We got to see him mid-morning the day of his birth and holding him was surreal. It has literally been 10-1/2 years since I held a newborn (my granddaughter) and I was a Nervous Nelly. I've always prided myself on being pretty comfortable with babies, but I've lost a step in confidence, I guess. But the joy of looking into his beautiful little face and examining his fingers and toes and ears and nose -- the miracle of this new life of possibility is not dimmed. I weep with happiness, relief, and anticipation of getting to know him -- what he will like, what will make him happy (or angry), hearing his laugh, watching him grow and learn and be part of our family.
When we had a Family Dinner with everyone together for the first time it was such a moment to see the joy on every face, the tears of thankfulness in every eye, as we took turns holding him and caring for him and hearing "new parents" stories again. My oldest granddaughter will be 16 in two weeks; her sister is 10-1/2. We are starting over with a big gap in between and I already know this time it will be different.
Son One and family live 10 minutes from us. When the girls were little we saw them often. In fact Hub and I did childcare for our younger granddaughter from 3 months to nearly 3 years old. There were weekly family dinners and lots of sleepovers and many times of babysitting. We still go to sports and school events often. We chauffeur them to camps and take day trips and and do outings on a whim.
Son Two and his new family live 30 miles away along a heavily trafficked route that slows down what would generally be not too bad a drive, so popping in on each other is not so common. My plan is to somehow see them weekly but they are very busy with jobs, a new home, a ton of friends, a social life that is non-stop (although the new little guy might put a crimp in that eventually). They already have childcare lined up for when they go back to work. School and sports events down the line will not be so easy to pop in on and most visits will have to be planned in advance. We can adjust. It will just be different and I am grateful, at least, that we all live in the same area instead of in a different state with visits being only a few times a year, which was the case for my parents and my kids. I get it now why my mom cried when I told her we were moving 2000 miles away from them. I can't imagine...

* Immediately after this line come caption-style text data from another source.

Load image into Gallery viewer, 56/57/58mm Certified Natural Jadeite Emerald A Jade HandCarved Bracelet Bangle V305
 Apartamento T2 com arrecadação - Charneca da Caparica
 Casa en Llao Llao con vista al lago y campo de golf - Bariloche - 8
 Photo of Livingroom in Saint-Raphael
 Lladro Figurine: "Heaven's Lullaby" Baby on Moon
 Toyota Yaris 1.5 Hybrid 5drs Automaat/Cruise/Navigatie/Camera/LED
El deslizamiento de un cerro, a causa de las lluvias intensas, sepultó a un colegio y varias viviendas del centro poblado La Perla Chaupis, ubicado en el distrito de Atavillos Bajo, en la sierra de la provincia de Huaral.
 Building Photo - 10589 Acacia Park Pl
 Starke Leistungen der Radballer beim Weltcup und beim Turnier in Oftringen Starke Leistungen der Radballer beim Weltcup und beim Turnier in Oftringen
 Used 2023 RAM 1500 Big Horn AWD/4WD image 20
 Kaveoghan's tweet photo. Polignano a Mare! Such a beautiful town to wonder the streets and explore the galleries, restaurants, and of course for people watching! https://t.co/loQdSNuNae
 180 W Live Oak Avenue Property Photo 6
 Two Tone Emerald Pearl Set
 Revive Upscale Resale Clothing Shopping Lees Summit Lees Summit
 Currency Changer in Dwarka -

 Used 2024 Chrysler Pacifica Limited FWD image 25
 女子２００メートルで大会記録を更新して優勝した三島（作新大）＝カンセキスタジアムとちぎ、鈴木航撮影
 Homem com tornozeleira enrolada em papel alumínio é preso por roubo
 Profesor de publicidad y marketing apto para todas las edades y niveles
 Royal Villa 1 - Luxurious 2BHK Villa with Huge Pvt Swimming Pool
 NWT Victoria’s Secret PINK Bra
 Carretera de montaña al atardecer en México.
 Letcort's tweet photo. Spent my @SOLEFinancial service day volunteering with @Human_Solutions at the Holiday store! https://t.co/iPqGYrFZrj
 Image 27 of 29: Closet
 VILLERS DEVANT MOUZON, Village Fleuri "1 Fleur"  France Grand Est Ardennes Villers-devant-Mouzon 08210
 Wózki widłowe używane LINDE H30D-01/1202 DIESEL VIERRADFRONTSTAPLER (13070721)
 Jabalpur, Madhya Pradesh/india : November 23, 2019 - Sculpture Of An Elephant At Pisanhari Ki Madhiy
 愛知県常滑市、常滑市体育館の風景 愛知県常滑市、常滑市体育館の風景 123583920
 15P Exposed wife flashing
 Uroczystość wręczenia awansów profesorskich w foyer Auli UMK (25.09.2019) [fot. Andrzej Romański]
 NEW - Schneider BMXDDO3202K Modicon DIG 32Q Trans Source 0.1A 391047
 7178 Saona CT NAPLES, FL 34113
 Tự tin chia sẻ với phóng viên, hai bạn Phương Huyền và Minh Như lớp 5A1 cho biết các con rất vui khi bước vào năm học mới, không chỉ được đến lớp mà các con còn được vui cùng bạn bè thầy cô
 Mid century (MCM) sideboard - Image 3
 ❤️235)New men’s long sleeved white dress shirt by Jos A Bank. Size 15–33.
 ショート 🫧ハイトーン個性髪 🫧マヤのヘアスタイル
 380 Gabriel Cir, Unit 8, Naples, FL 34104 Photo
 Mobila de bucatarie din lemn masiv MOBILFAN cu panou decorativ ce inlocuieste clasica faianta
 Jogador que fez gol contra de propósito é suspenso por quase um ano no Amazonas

I also realize Hub and I are in a different place in life too. We are working toward probably selling our big home in a couple of years and moving to a retirement community. Unlike our granddaughters who consider this their second home, this new little guy will not even remember it. But he will have other memories of Grandma/Grandpa time in a cool place with a restaurant where he can order anything he wants, explore a nature trail in the woods, visit the workshop where grandpa will make him toys, and he can go swimming in a huge swimming pool. There will also be a zillion "grandparents" doting over him. LOL
Life changes. This time around will be different. But what doesn't change is the overwhelming joy of seeing our family expand and the bittersweet recognition that I won't be around to see the end of my grandkids' stories. But if my love for them can inform any part of who they become, my life purpose will be fulfilled. Because that is what I am learning in my "Wise Woman Years" -- it's all about the love.